6.1.5.2. Demand: Fiscal Policy

Demand for livestock is primarily a function of consumer taste and the amount of product on the market. Because it cannot be stored, livestock is a price taker, not a price maker. It must accept whatever price is needed to clear the market. The market will determine the price where supply and demand become equal.

This condition is complicated by the fact that different kinds of livestock can substitute for one another.

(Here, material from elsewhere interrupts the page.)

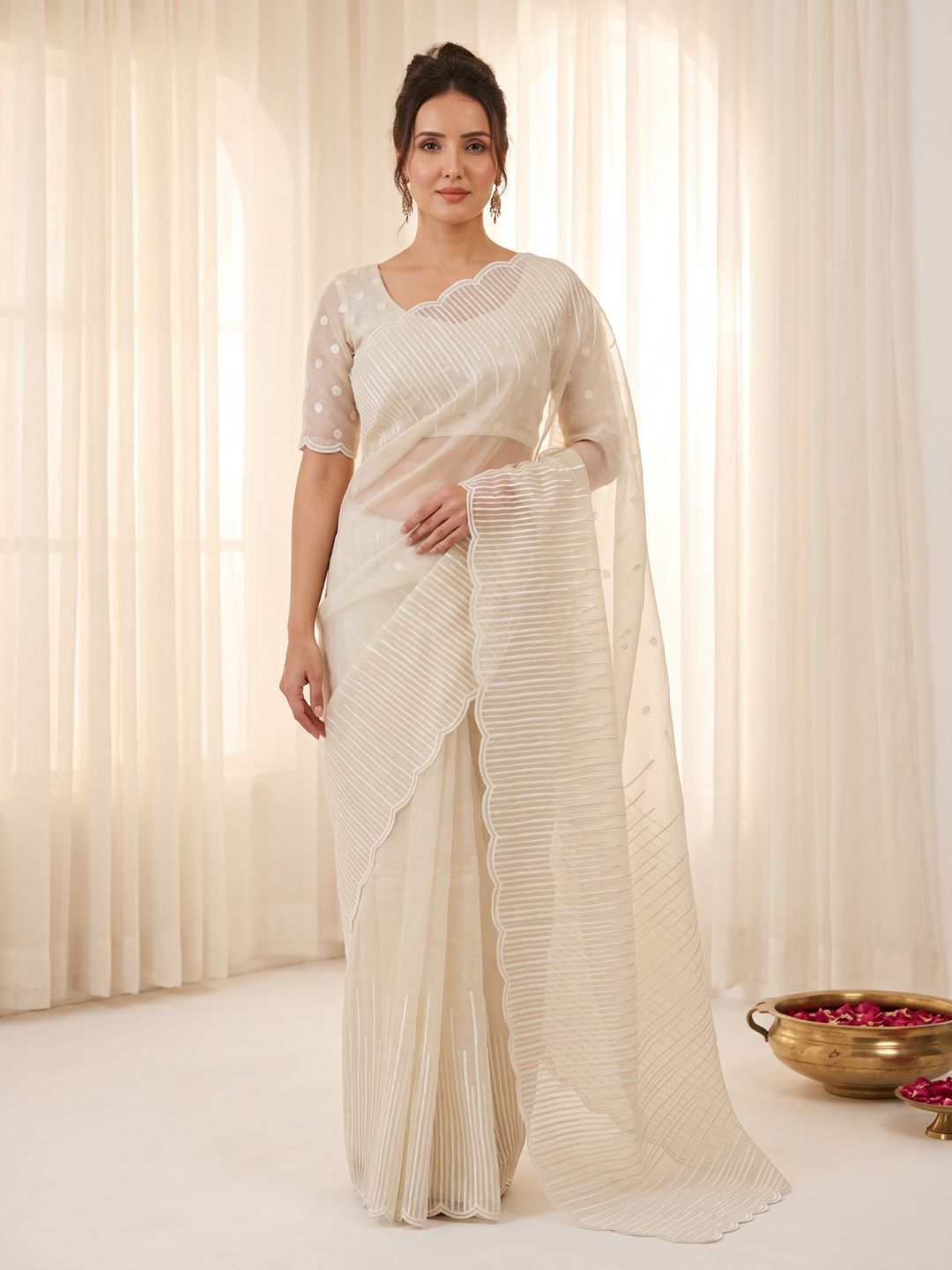 Cream Pure Organza Silk Crush Saree Designer Party Wear Saree With Multi Work Embroidered Cutwork Border Wedding Festive Saree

When the price of poultry is cheap relative to cattle, demand for chicken will increase and demand for beef will decline.

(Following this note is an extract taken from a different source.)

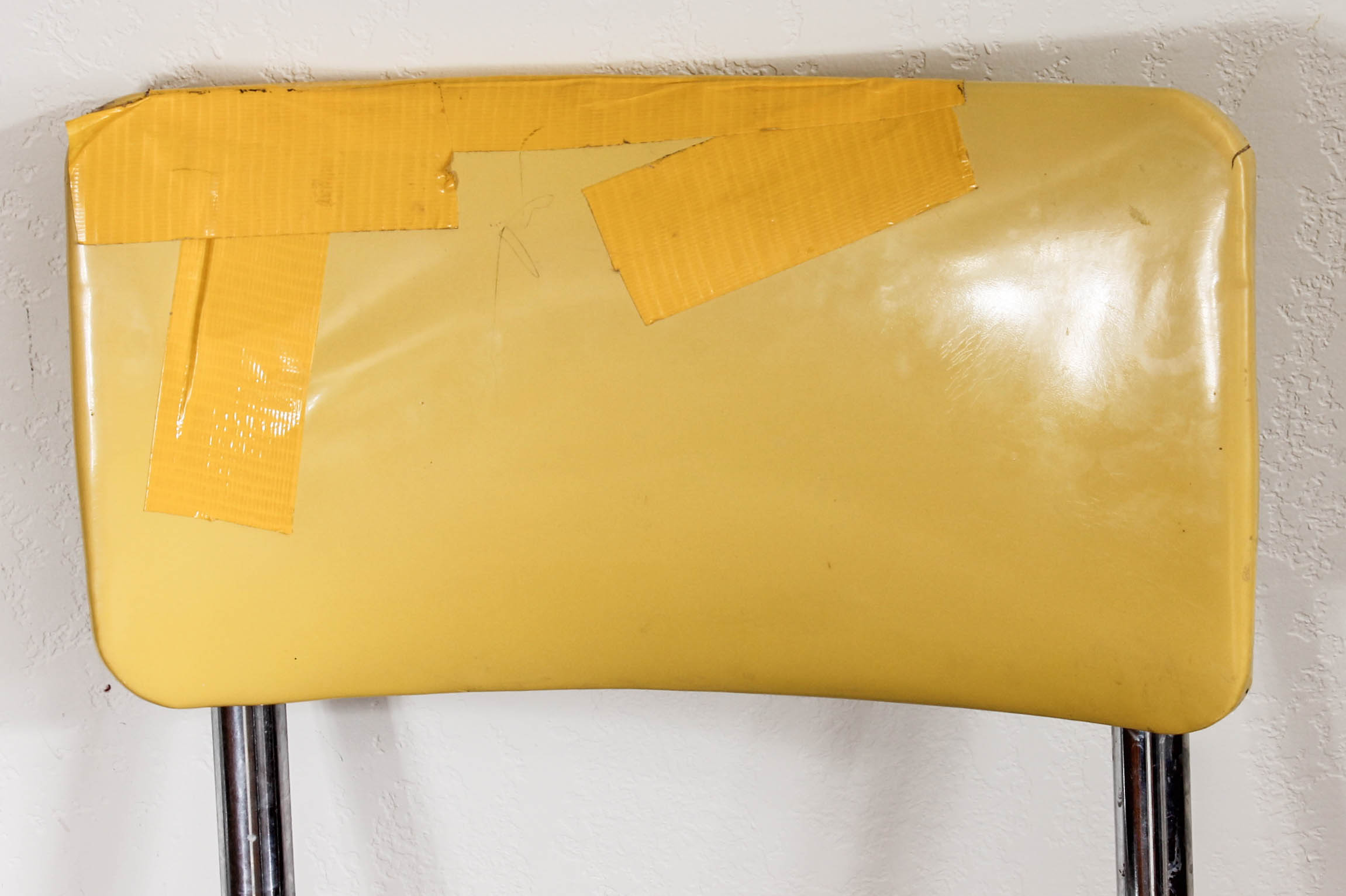 Retro Yellow and Black Dining Table with Vinyl Chairs by Kuehne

But consumer tastes are not dictated by price alone. When domestic beef production fell due to health concerns about the consumption of red meat, the demand for chicken and fish largely picked up the slack, while hog production remained relatively stable. Internationally, beef exports have increased due to higher income levels in Mexico and Asia. Exports account for about 11% of the demand for beef in the U.S.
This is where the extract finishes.